The issues covered in an employment contract may include, without limitation, the following:

  • Description of what the employee is going to do for the employer (and vice versa)
  • Duration of employment relationship
  • How and on what grounds the employment relationship may be terminated
  • A description or other information about the employee’s duties and responsibilities
  • Compensation and related issues including salary, wages, benefits, vacation time, health insurance, disability leave, etc.
  • Confidentiality, non-compete, or non-circumvent agreements (discussed further below)
  • Ownership of employee’s work product
  • Dispute resolution

In Michigan, like most states, employment is presumed to be “at-will.” This means that an employer can dismiss an employee for any reason, or without “just cause,” and without any prior warning or notice. On the other hand, parties are free to change this presumption by agreeing that employment will end only “for cause.”

Even though Michigan assumes that employment is “at-will,” it is often still a good idea to include this language in the employment contract. Without such language, a discharged employee may claim there was a verbal representation by the employer that the employee would only be discharged for cause. Even if the employer disagrees that any such agreement exists, the dispute may ultimately be decided by a third party, e.g., the judge or jury. Employers can avoid such uncertainty by including clear “at-will” language in employment contracts.

There are many other issues that can be addressed by the use of a written employment contract. This can help avoid disputes during and after termination of the employment relationship.

Non-disclosure and non-competition agreements are closely related to employment contracts, and are sometimes included right in the written employment agreement. It is often advisable, however, to draft a separate document for these agreements.
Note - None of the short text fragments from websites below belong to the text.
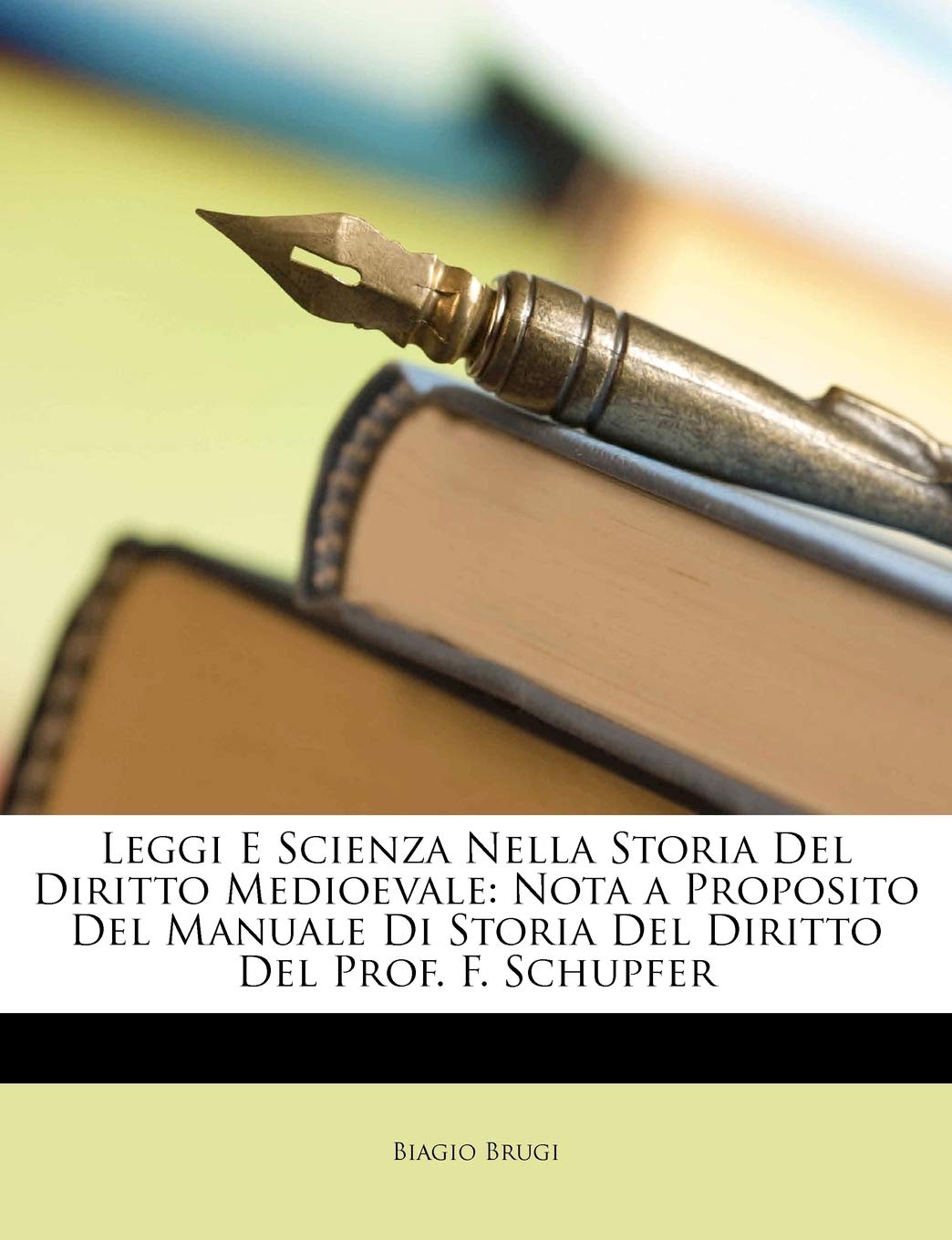 Biagio BrugiLeggi E Scienza Nella Storia del Diritto Medioevale: Nota a Proposito del Manuale Di Storia del Diritto del Prof. F. Schupfer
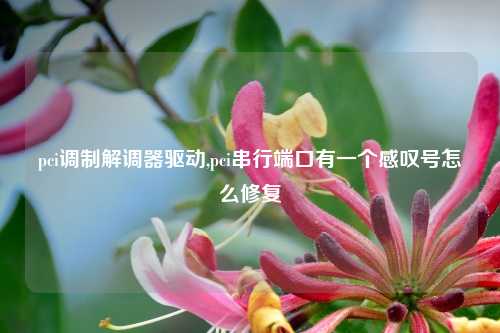 pci调制解调器驱动,pci串行端口有一个感叹号怎么修复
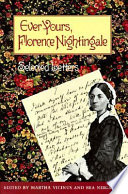 Ever yours, Florence Nightingale : selected letters /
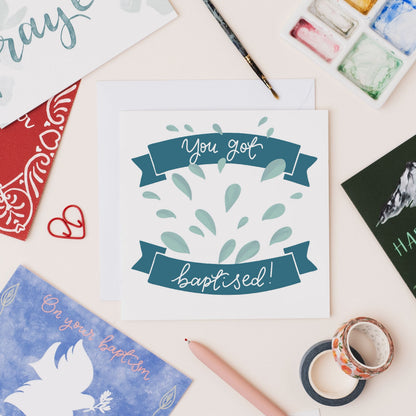 Baptism Card - You Got Baptised! And Hope Designs Cards
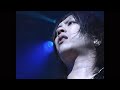蜉蝣 - 縄 [Nawa]【Tour'06-'07 Final Last Live《蜉蝣最終公演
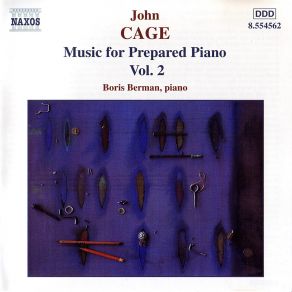 Cage - Music For Prepared Piano, Vol. 2 - Boris Berman album cover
A non-compete agreement protects employers from losing valuable employees and trade secrets to their competitors. By signing a non-compete agreement, an employee agrees not to work for a direct competitor for a specified period of time after leaving the company. To be enforceable, the length of a non-compete agreement must be reasonable (2-3 years is typical). Non-compete agreements also cannot cover too wide a geographic area or be too broad in the types of businesses in which the employee is prohibited from working.

A non-disclosure agreement is similar to a non-compete and prohibits an employee from disclosing trade secrets or other confidential information of the company. Non-compete and non-disclosure agreements are often combined into a single agreement.